Le rock n’est pas qu’une musique, c’est une aventure et un swing que l’on acquiert en se jetant dans la vie comme dans un gouffre. Pourvu que sa légende ne soit jamais rattrapée par cette « morale des faibles » qu’est la morale, que les délires modernes ne s’avisent jamais de condamner sa grandiose vitalité. Le rock’n’roll était et doit rester une musique faite par des marginaux pour des marginaux, une force nous faisant oublier l’ennui d’un monde trop conformiste. Le rocker a pour mission de vivre tout ce que ses fans, par manque d’audace ou bienséance, ne peuvent pas vivre.
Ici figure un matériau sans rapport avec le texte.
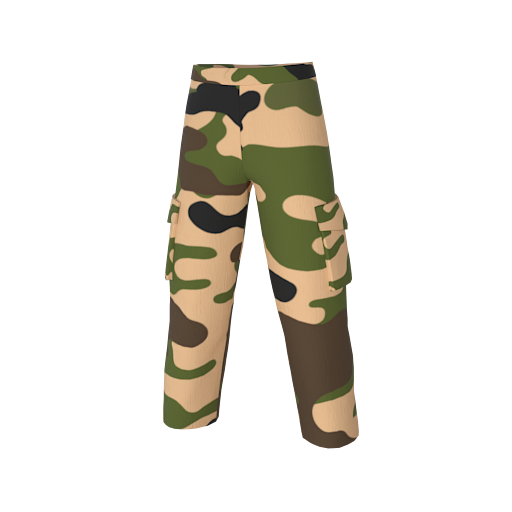 design - camouflage pants by Periastron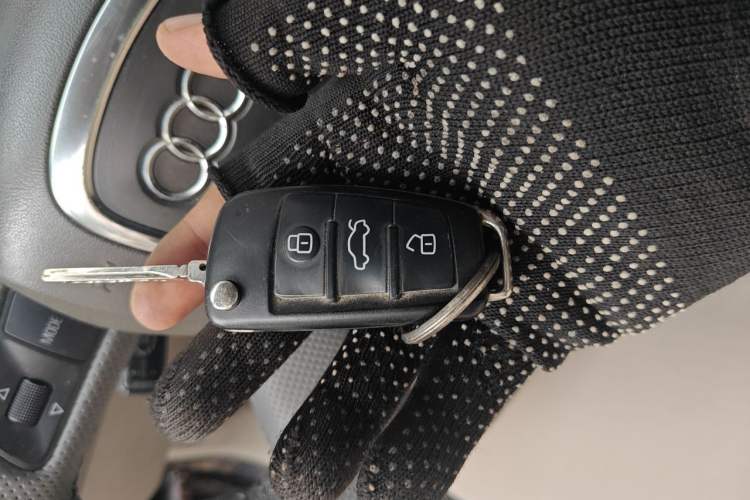 Used Audi A6L 2008 2.4L Comfort Edition Vehicle Key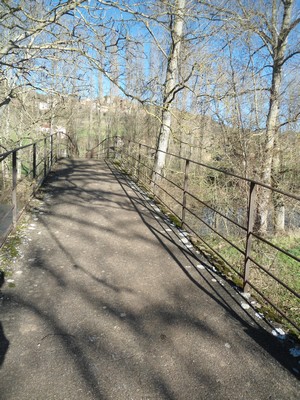 Le Cambon 12400 fer à cheval passerelle 1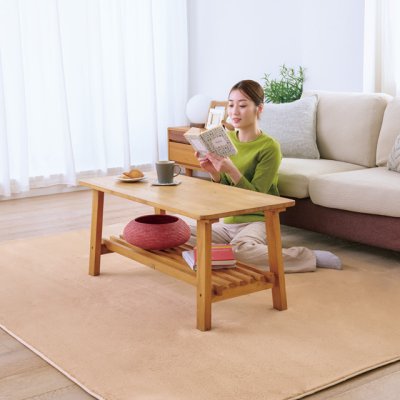 画像4: ゼンケン 電磁波99%カット 電気ホットカーペット2畳タイプ モカブラウン【カバー付】心地よい手触り＆暖かさをお届けします。 (4)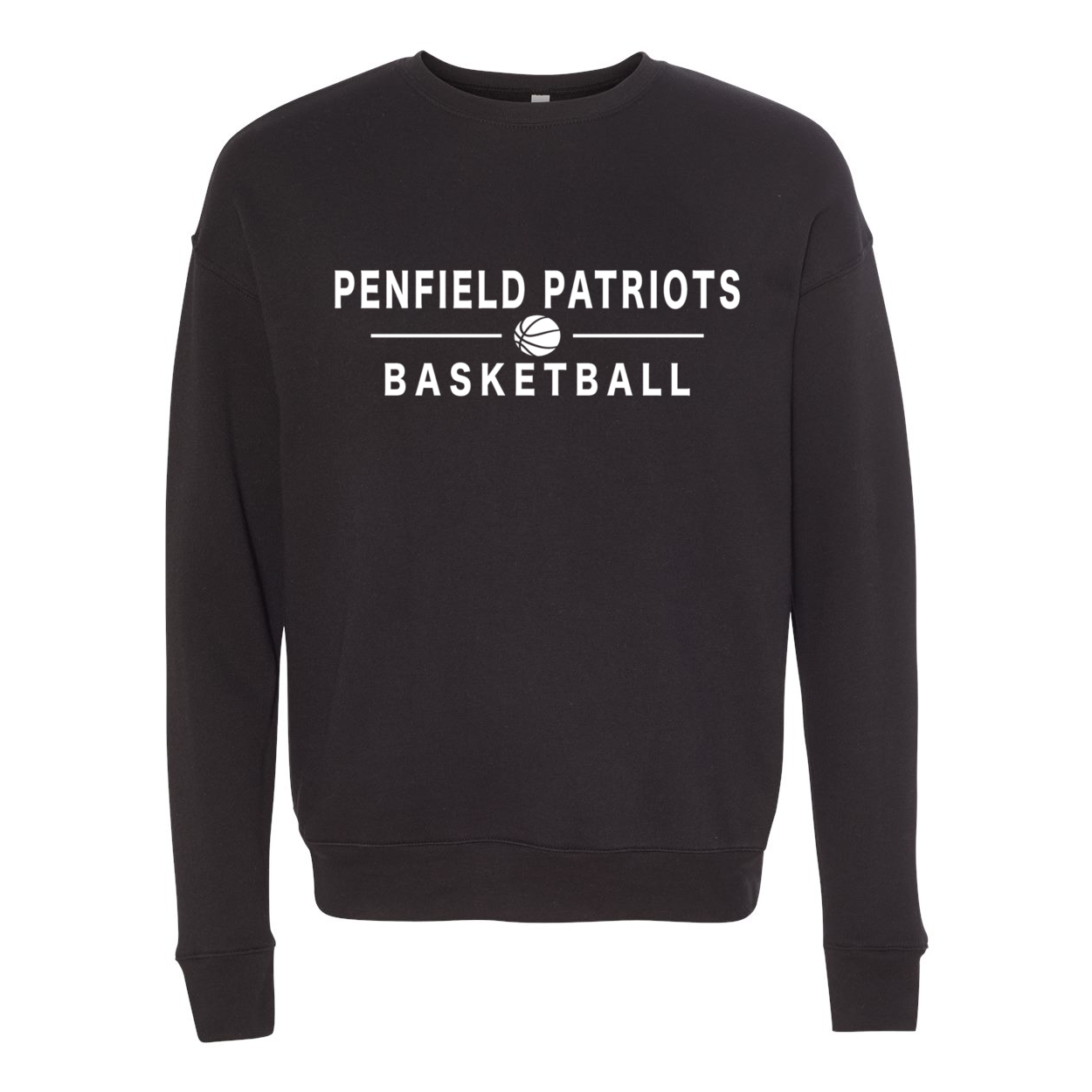 Basketball Unisex Drop Shoulder Crewneck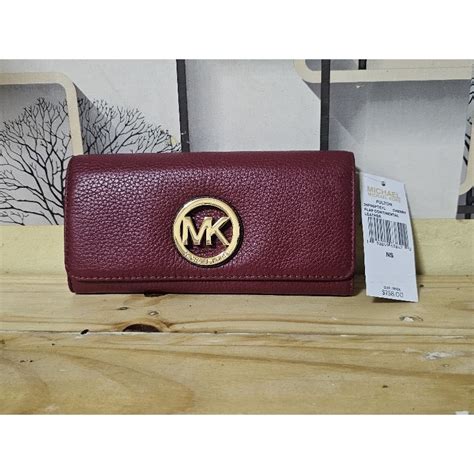 michael kors fulton flap continental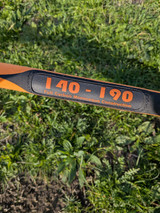 Used MK Booms 140-190cm CPW Carbon Boom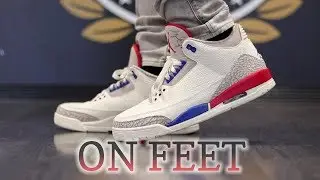 AIR JORDAN 3 INTERNATIONAL FLIGHT ON FEET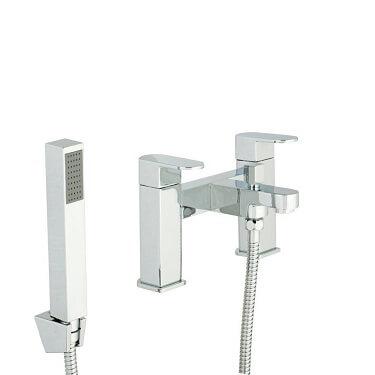 Jupiter Bangor Chrome Bath Shower Mixer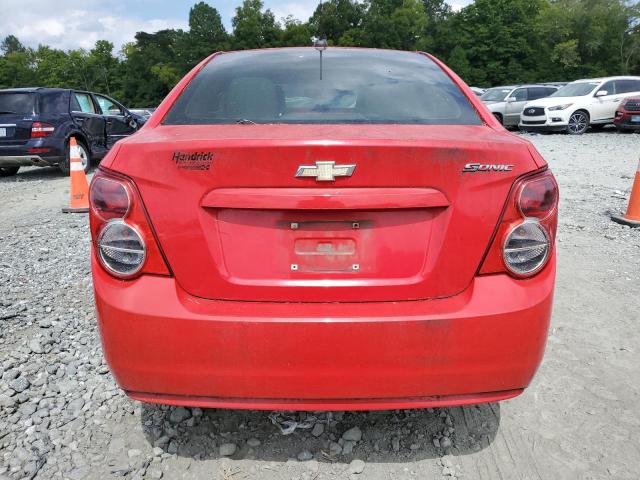 Photo 6 from auction – 2015 CHEVROLET SONIC LS with VIN 1G1JA5SH2F4125920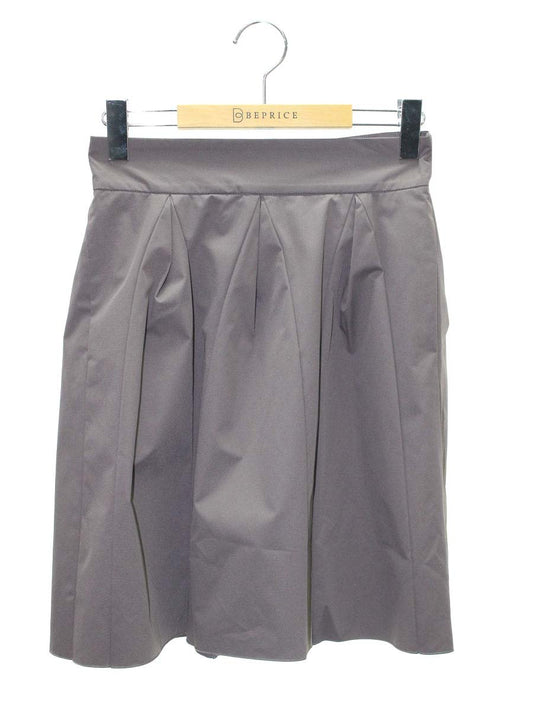 フォクシーブティック リリースカート 31910 スカート 40 ブラウングレー ITAIXBJQA6SY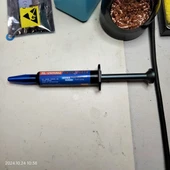 Byr Flux, lehim pastası, maske vb. içeren standart şırıngalar için kapak. (Plastik Aparattır!!!) 3D thumbnail 1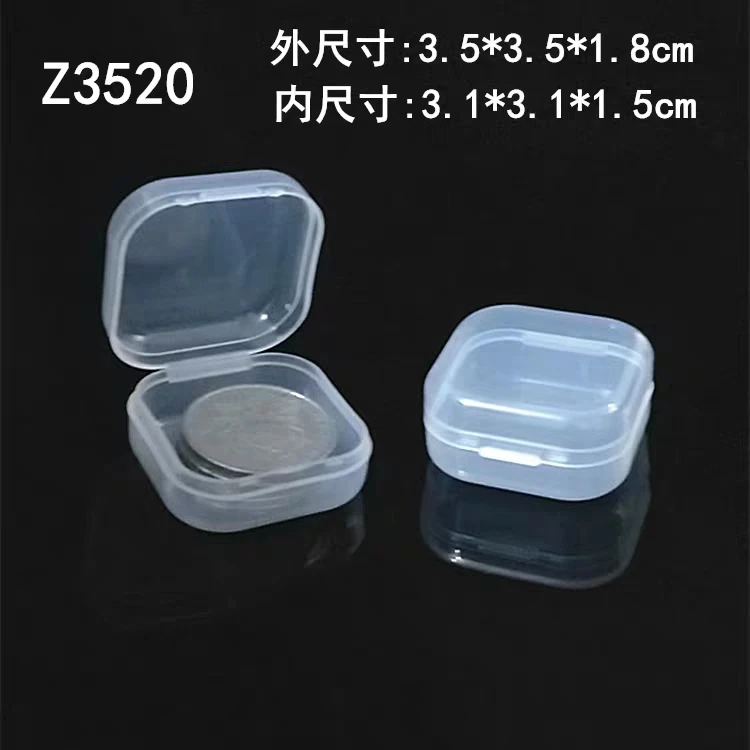 

plastic box 20pcs silicone box earphone head box (price is just for plastic box)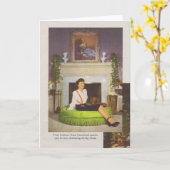 Carte Maison 1944 de Joan Crawford Brentwood (Fleur jaune)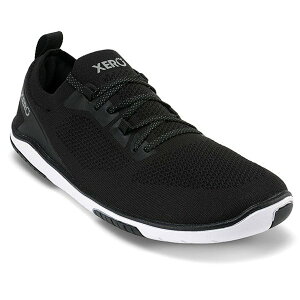 �[���V���[�Y Xero Shoes �E�B�����Y �l�N�T�X�j�b�g �u���b�N/�u���b�N W8 25cm NEXW-BKBK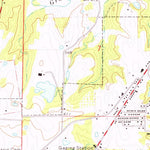 United States Geological Survey Chester, IL-MO (1970, 24000-Scale) digital map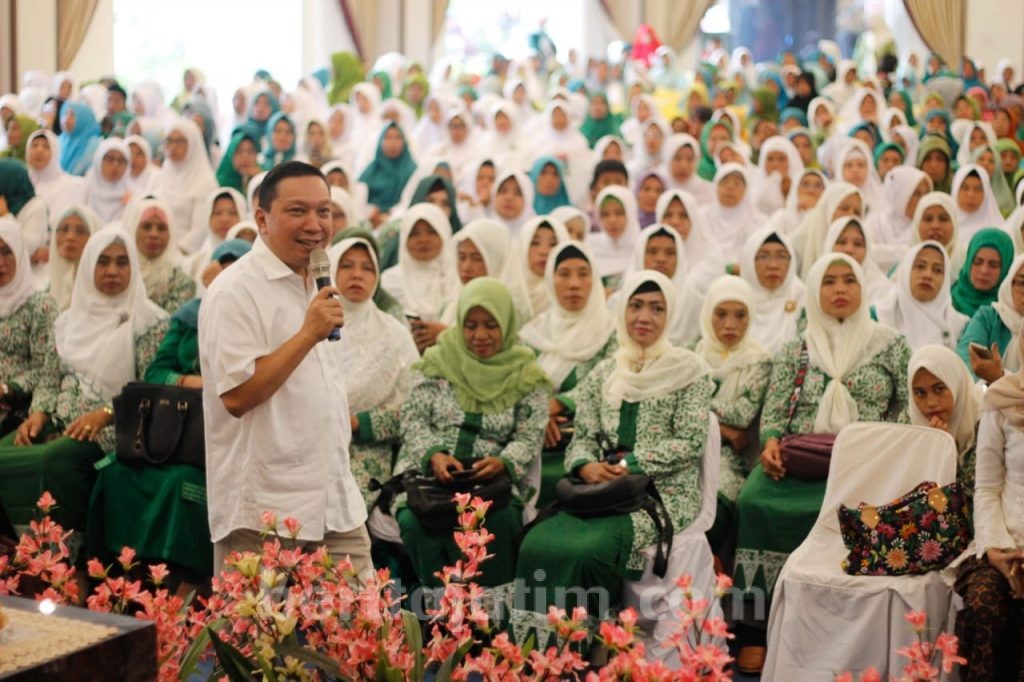 3.000 Lebih Jamaah Fatayat NU Mantapkan Kemenangan Fandi Utomo PKB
Histoires scabreuses, chambres d’hôtels détruites, bagarres et pieds de nez au show business, les rockers des années 60-70 étaient des fauves indomptables. Ces exploits étaient également les conséquences de tournées incessantes, parcours infernaux soumettant l’homme à toutes les tentations. C’est cette vie que Led Zeppelin découvrit en 1969. Jimmy Page savait déjà à quoi s’en tenir, la courte histoire des Yardbirds lui ayant déjà fait découvrir ce quotidien fait de filles faciles et de substances planantes.
Pour les autres musiciens, cette aventure fut une fête qui ne finit pas toujours bien. Ayant déjà le mal du pays, John Bonham commençait à perdre pied, au point que Peter Grant dut l’empêcher de violer une journaliste venue interviewer le groupe. Les magazines firent leur beurre sur les exploits de ces nouveaux guerriers de la route. Une légende fameuse raconte que, alors qu’elle était venue prendre un peu de bon temps avec ces surhommes, une gourgandine finit attachée avec un requin entre les cuisses. L’anecdote est invérifiable mais entretient un mythe fait de dépravation sexuelle et d’exploits viriles, un mythe qui donnait sa force au chorus pagien, dotait la voix de Plant d’un irrésistible attrait sexuel, décuplait la force des détonations provoquées par John Bonham.
Peu après la sortie de « Led Zeppelin I » le groupe de Jimmy Page fut invité au Fillmore, où il conquit vite le public américain. Après les Stones, Led Zeppelin donnait un nouveau coup de jeune au swing de Robert Johnson. Toujours aussi reconnaissant vis-à-vis de ces groupes anglais lui faisant redécouvrir son héritage, le public américain fit un triomphe à ces jeunes loups vigoureux. Les tournées étaient grandioses, l’argent coulait à flot et l’avenir s’annonçait radieux, pourtant Page n’était pas totalement satisfait de son groupe.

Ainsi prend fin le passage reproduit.